Em 2014, foi-lhe atribuído o National Book Award, um também importante galardão literário norte-americano, por Faithful and Virtuous Night, que aborda temas como o luto e a mortalidade. “O leitor é novamente atingido pela presença da voz e Glück aborda o tema da morte com notável graça e leveza”, apontou também Anders Olsson sobre a última coletânea da poeta. “Ela escreve poesia narrativa e onírica, recordando memórias e viagens e apenas parando e hesitando para apresentar novas perspetivas. O mundo é desencantado, apenas para se tornar magicamente presente outra vez.”

[Louise Glück lê um poema de Faithful and Virtuous Night, o seu último livro de poesia:]

Entre os prémios que recebeu ao longo da sua carreira, conta-se também o National Book Critics Circle Bollingen Prize, atribuído pela Universidade de Yale, onde é professora de Inglês. Foi Poeta Laureada dos Estados Unidos entre 2003 e 2004, uma nomeação que não esperou ter influência no número de leitores que acompanhava a sua obra: “Não estou preocupada com aumentar a minha audiência”, disse na altura, de acordo com o The Guardian, admitindo que preferia que esta fosse “pequena, intensa, apaixonada”.

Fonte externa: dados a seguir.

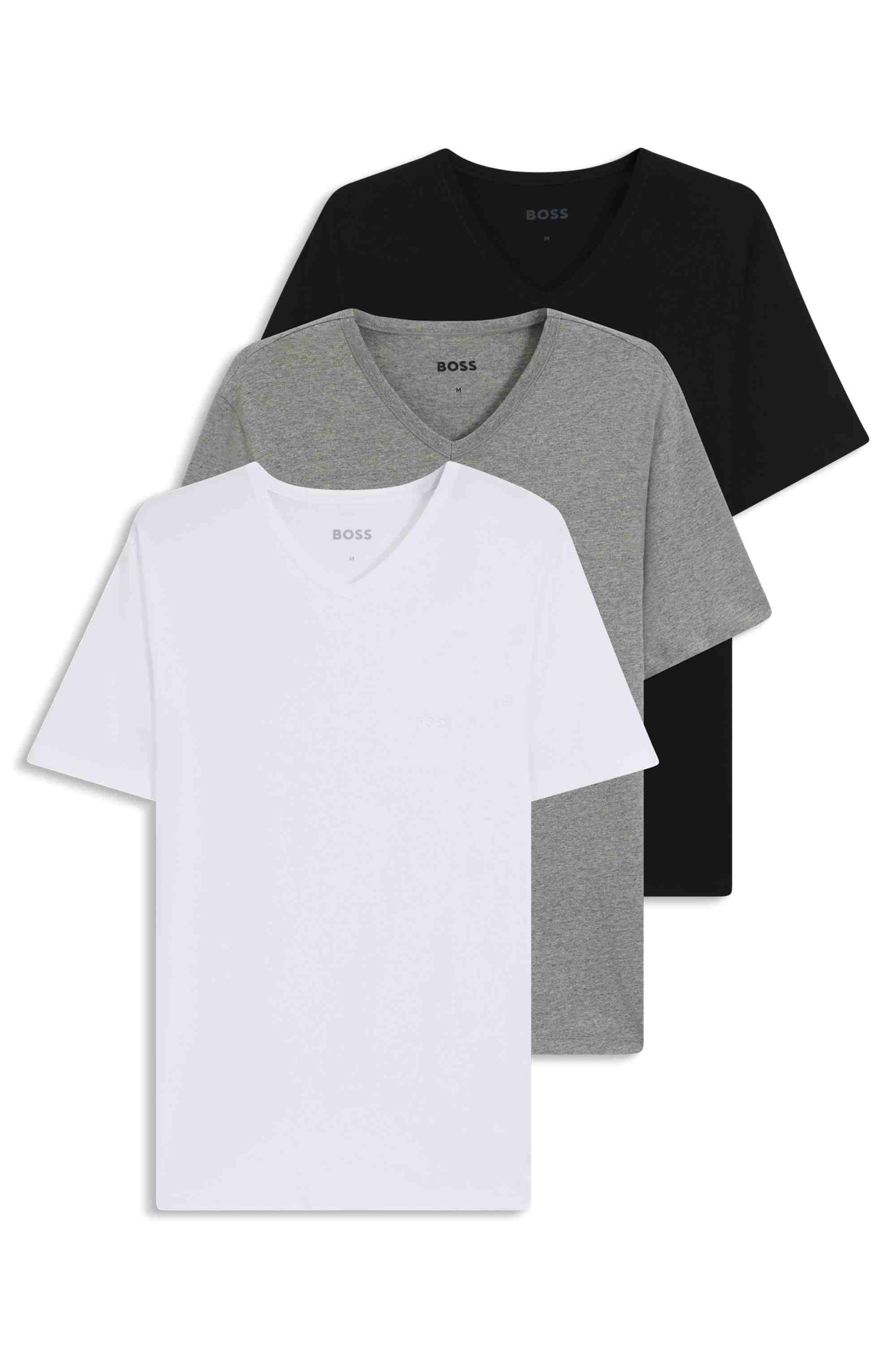 Three-pack of V-neck T-shirts in cotton jersey
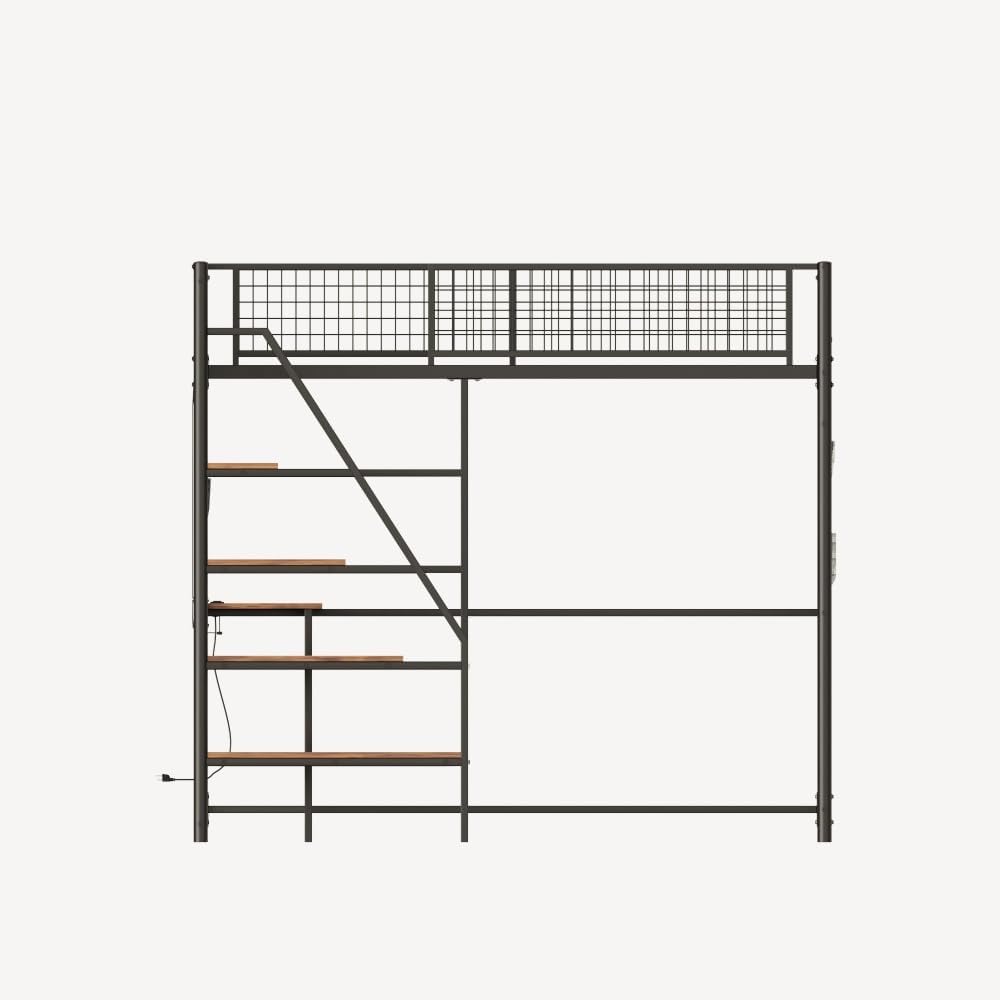 Twin Sized loft Metal Bed with Black for Bedroom and Dormitory, with Built-in Charging Station and LED Lighting (Black + Metal & Wood + Bedroom)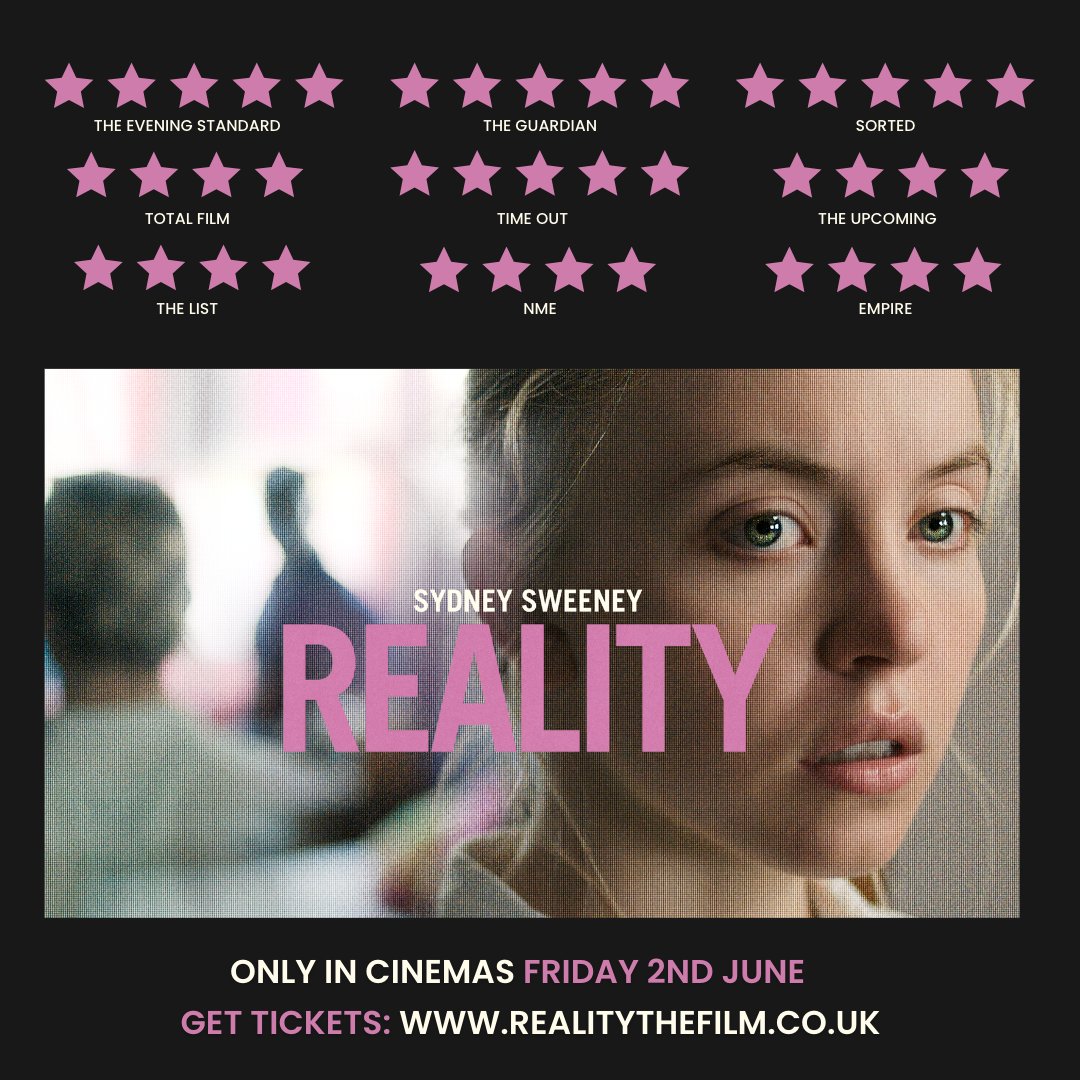 ★★★★★ 'An amazing piece of work' The Guardian Reality, starring Sydney Sweeney, plays from today at BFI Southbank.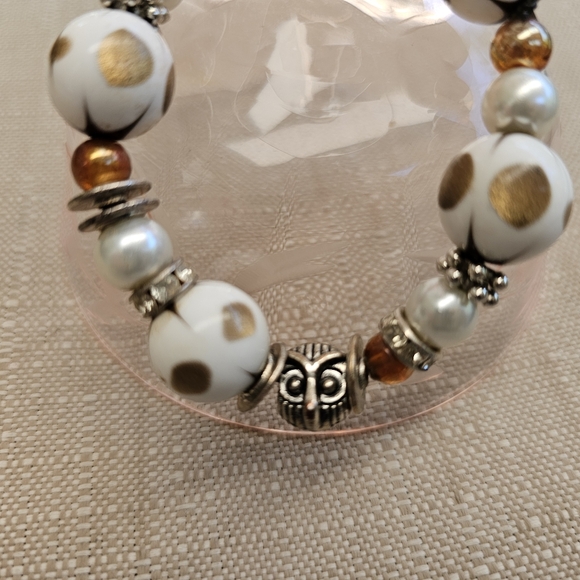 SET! Bronze Blown Glass Heart Pendant with Pearl and Beaded Bracelets - Picture 11 of 15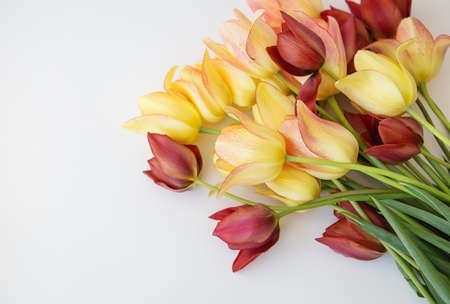 Delicious and appetizing pork tenderloin steak, grilled with buckwheat and vegetables, is on the table along with an orange napkinの写真素材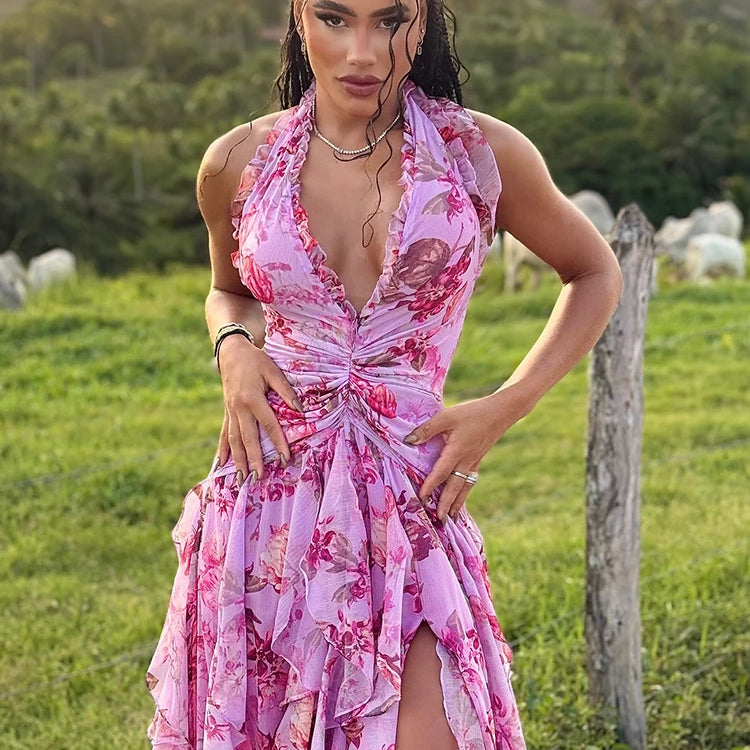 VC Elegant Pink Floral Halter-Style Ruffled Dress with Side Slit for High-Profile Outdoor Occasions Evening Gown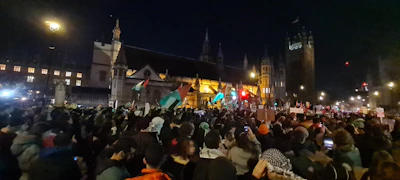A striking photojournalism moment capturing protesters waving flags at sunset in a busy city square.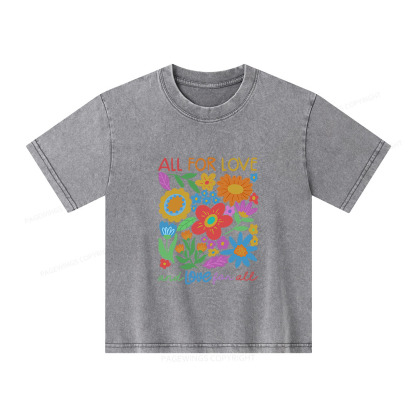 Pagewings All For Love Unisex Kids Washed T-shirt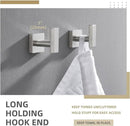 Angle Simple Bathroom Towel Hook 2 Pack, SUS304 Stainless Steel Bath Robe Holder, Modern Coat Hook Wall Mounted, Brushed Nickel by CozyNest Decor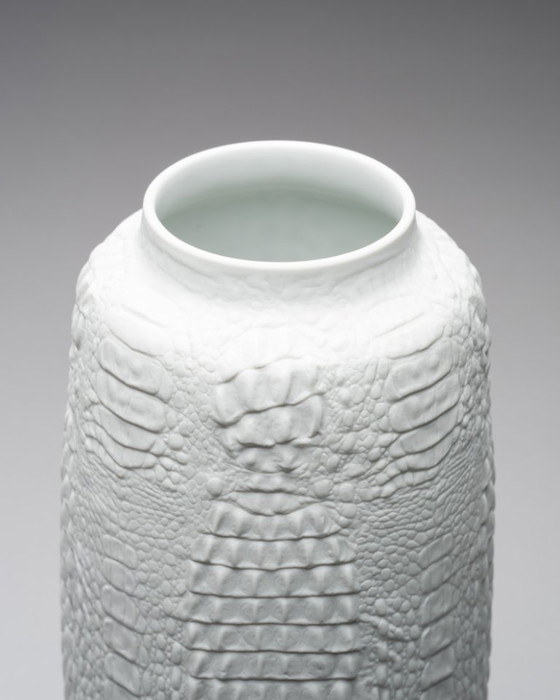 Image 1 of XL Manfred Frey Kaiser Bisque Porcelain Vase Crocodile Reptile Relief Op-Art Duo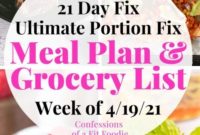 Weekly Meal Plan & Grocery List (April 19, 2021) | 21 Day Fix & WW Meal Plan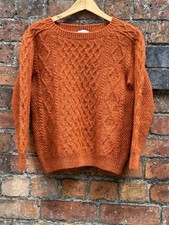The Sweater Shop Retro Jumper Orange Cable Knit Small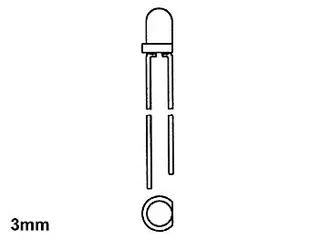LED 3mm Rood Diffuus - 8MCD - 1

Em 2015, o então Presidente norte-americano, Barack Obama, condecorou-a com a Medalha Nacional de Humanidades, atribuída anualmente a uma dúzia de artistas e historiadores pelo seu contributo para as humanidades.

President Obama Awards 2015 National Medal Of Arts And National Humanities Medal

Louise Glück foi condecorada pelo então Presidente dos Estados Unidos da América, Barack Obama, em 2015, numa cerimónia na Casa Branca (Alex Wong/Getty Images)

No ano passado, o galardão foi atribuído ao escritor austríaco Peter Handke, “pelo trabalho influente que, através do uso de uma linguística ingénua, explorou a periferia e a especificidade da experiência humana”. A escolha da Academia Sueca foi polémica e gerou contestação dentro e fora do universo literário devido às acusações graves que pairam sobre o autor, nomeadamente a de  conivência para com o regime de Slobodan Milošević. Handke esteve presente no funeral do ex-presidente sérvio e discursou durante a cerimónia.

A entrega do prémio ao autor austríaco foi anunciada ao mesmo tempo que a escolha da polaca Olga Tokarczuk para o Nobel de 2018 devido à paragem de um ano na sequência do escândalo sexual envolvendo o dramaturgo francês Jean-Claude Arnauld, marido de uma ex-membro da Academia Sueca e dono de um clube literário parcialmente financiado por esta. Foi a primeira vez que a Academia anunciou dois Nobel ao mesmo tempo.

O Prémio Nobel da Literatura tem o valor pecuniário de cerca de 1 milhão de euros. Ao contrário de anos anteriores, o vencedor não irá reunir-se em Estocolmo com os outros vencedores devido à “situação pandémica”. “Em vez disso, a cerimónia do prémio e os discursos” serão transmitidos online, com sessões individuais para cada categoria, foi anunciado esta quinta-feira. “Os laureados vão ser convidados para a cerimónia do próximo ano em Estocolmo.”